Look through the listing below for the line containing "Snapshot of norababy20". Copy it and each line after it up to and including the line containing "68 Napoli Drive, Hamilton, ON", exactly, leaving out pictures.

### Record extracts
········

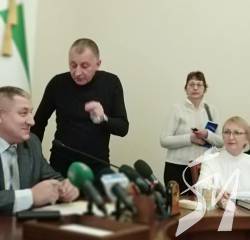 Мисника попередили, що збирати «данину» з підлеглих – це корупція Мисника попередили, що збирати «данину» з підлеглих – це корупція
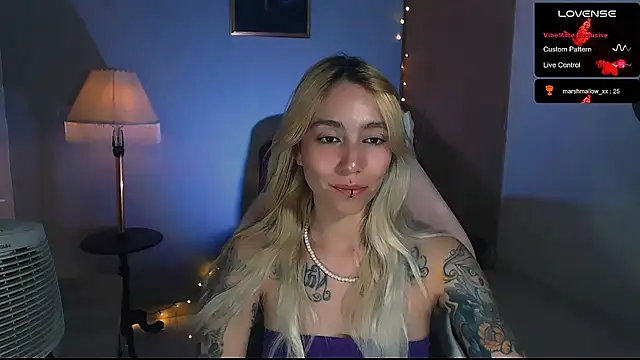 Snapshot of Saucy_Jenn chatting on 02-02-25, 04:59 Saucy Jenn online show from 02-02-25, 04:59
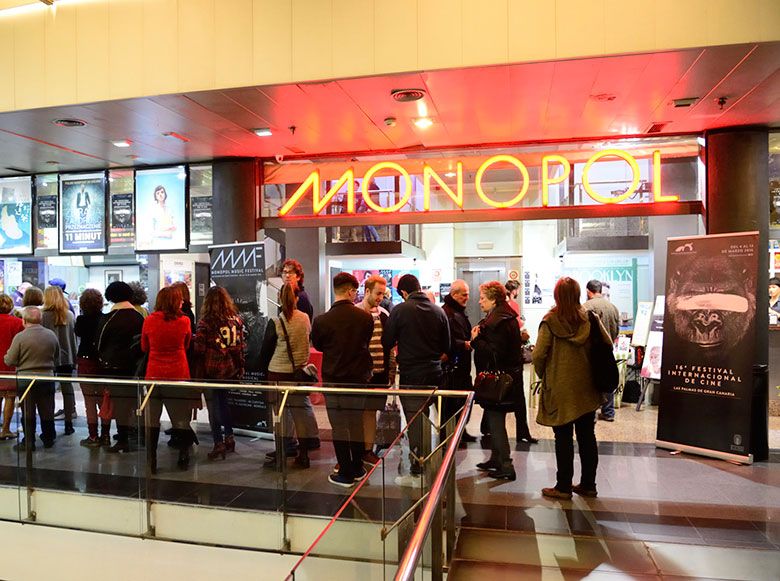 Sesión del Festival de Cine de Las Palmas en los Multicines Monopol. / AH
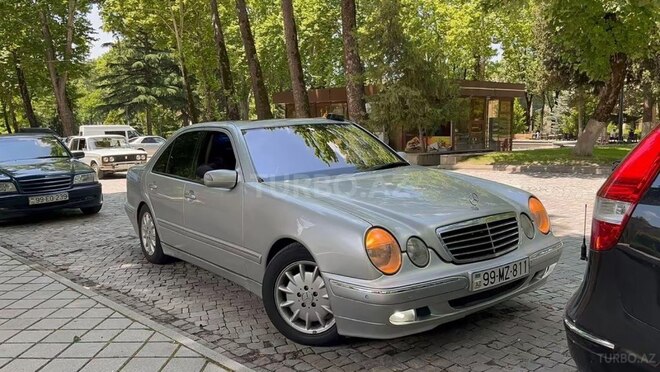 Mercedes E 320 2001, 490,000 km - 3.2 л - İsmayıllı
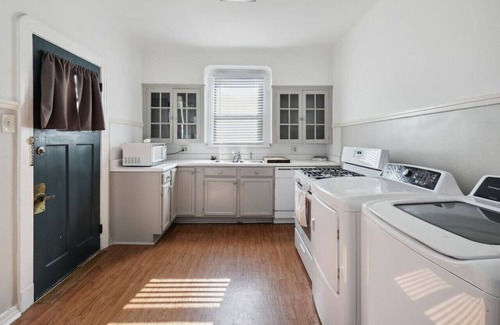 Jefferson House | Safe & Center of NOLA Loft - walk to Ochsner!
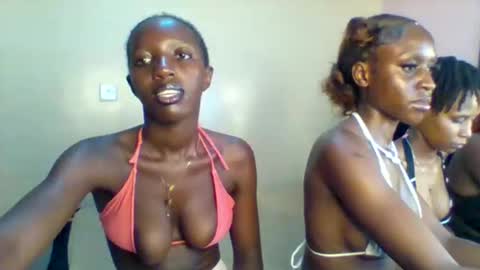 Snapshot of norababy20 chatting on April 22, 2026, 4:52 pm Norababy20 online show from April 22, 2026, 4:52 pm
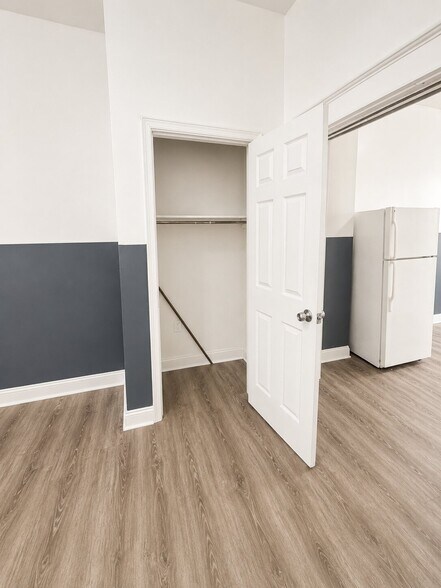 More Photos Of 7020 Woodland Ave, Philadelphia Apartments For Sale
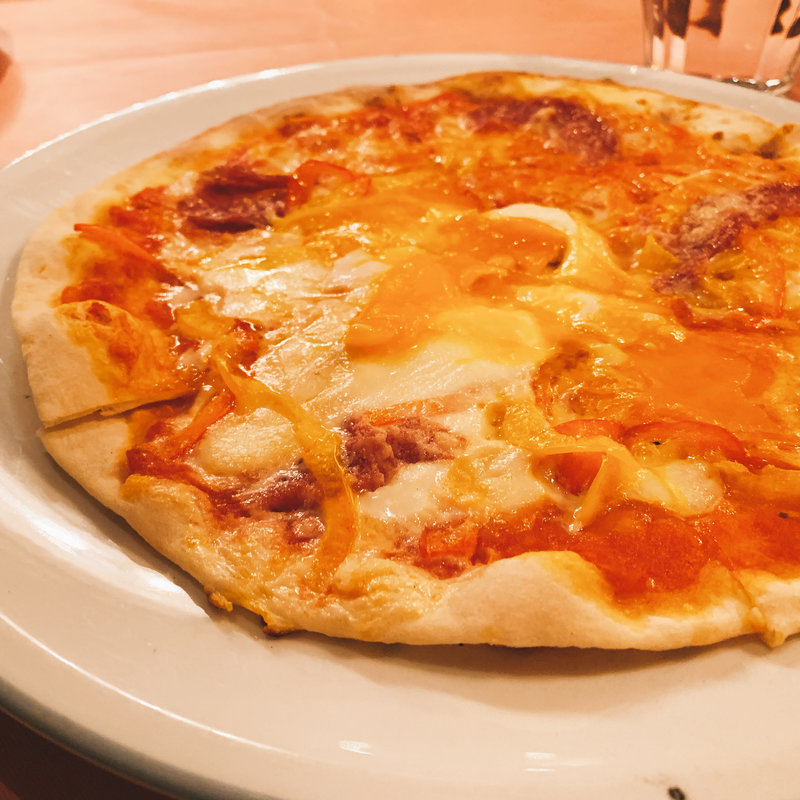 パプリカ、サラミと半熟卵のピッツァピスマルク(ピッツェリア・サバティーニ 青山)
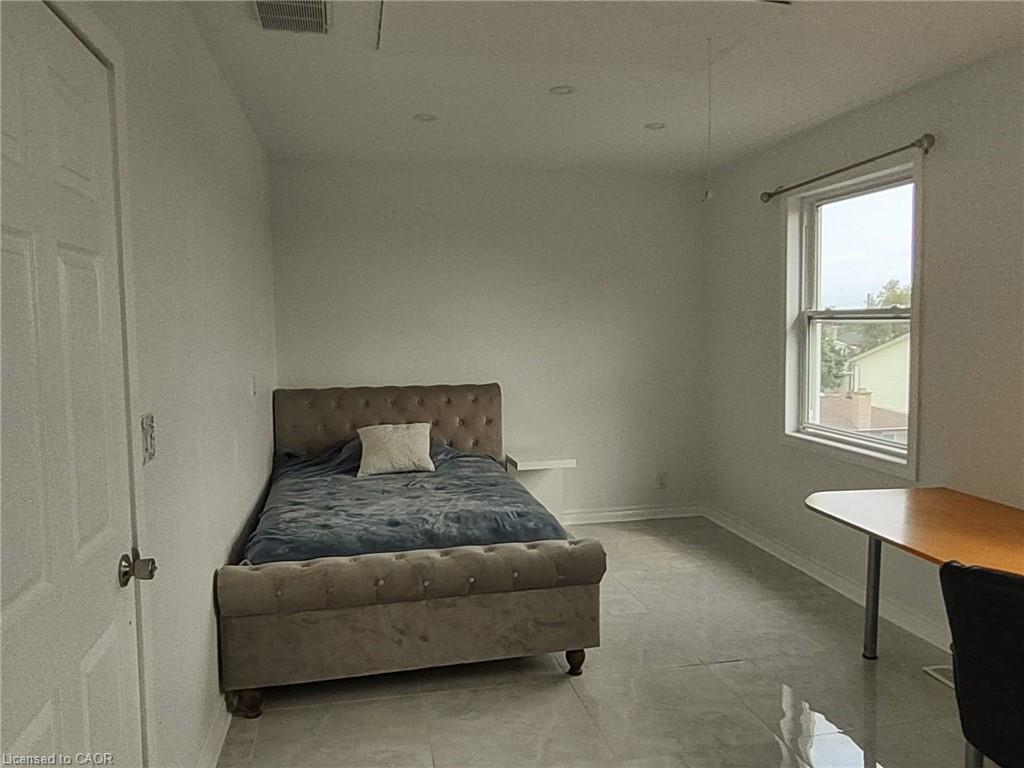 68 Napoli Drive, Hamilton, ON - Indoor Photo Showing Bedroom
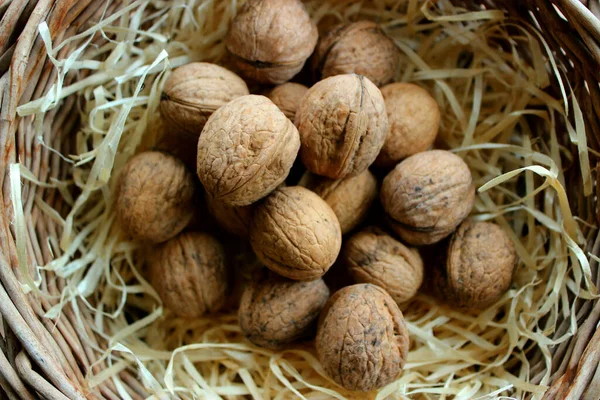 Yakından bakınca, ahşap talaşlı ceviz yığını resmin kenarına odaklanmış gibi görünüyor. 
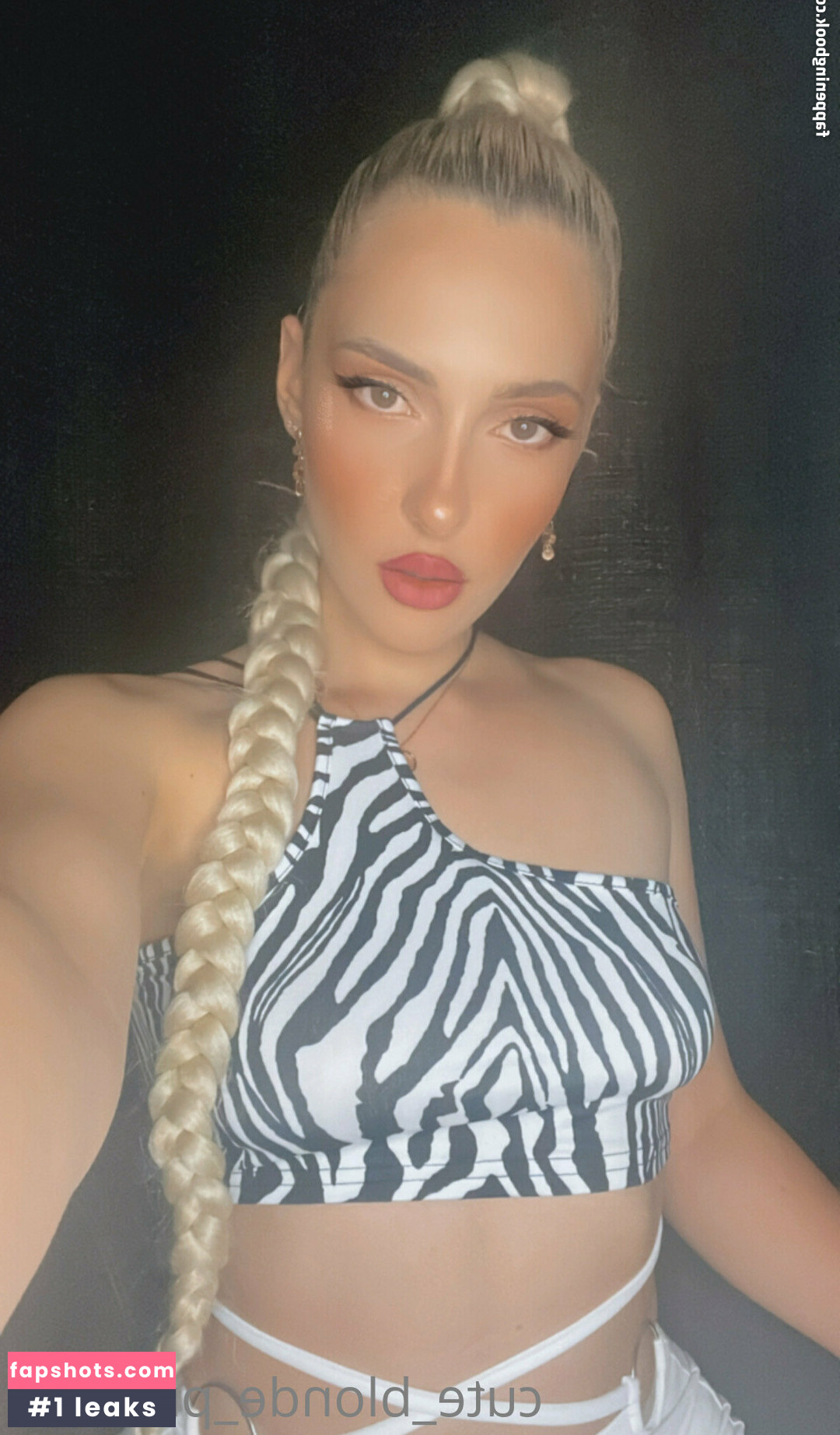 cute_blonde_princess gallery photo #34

········

### Response for this exercise
 Snapshot of norababy20 chatting on April 22, 2026, 4:52 pm Norababy20 online show from April 22, 2026, 4:52 pm
 More Photos Of 7020 Woodland Ave, Philadelphia Apartments For Sale
 パプリカ、サラミと半熟卵のピッツァピスマルク(ピッツェリア・サバティーニ 青山)
 68 Napoli Drive, Hamilton, ON - Indoor Photo Showing Bedroom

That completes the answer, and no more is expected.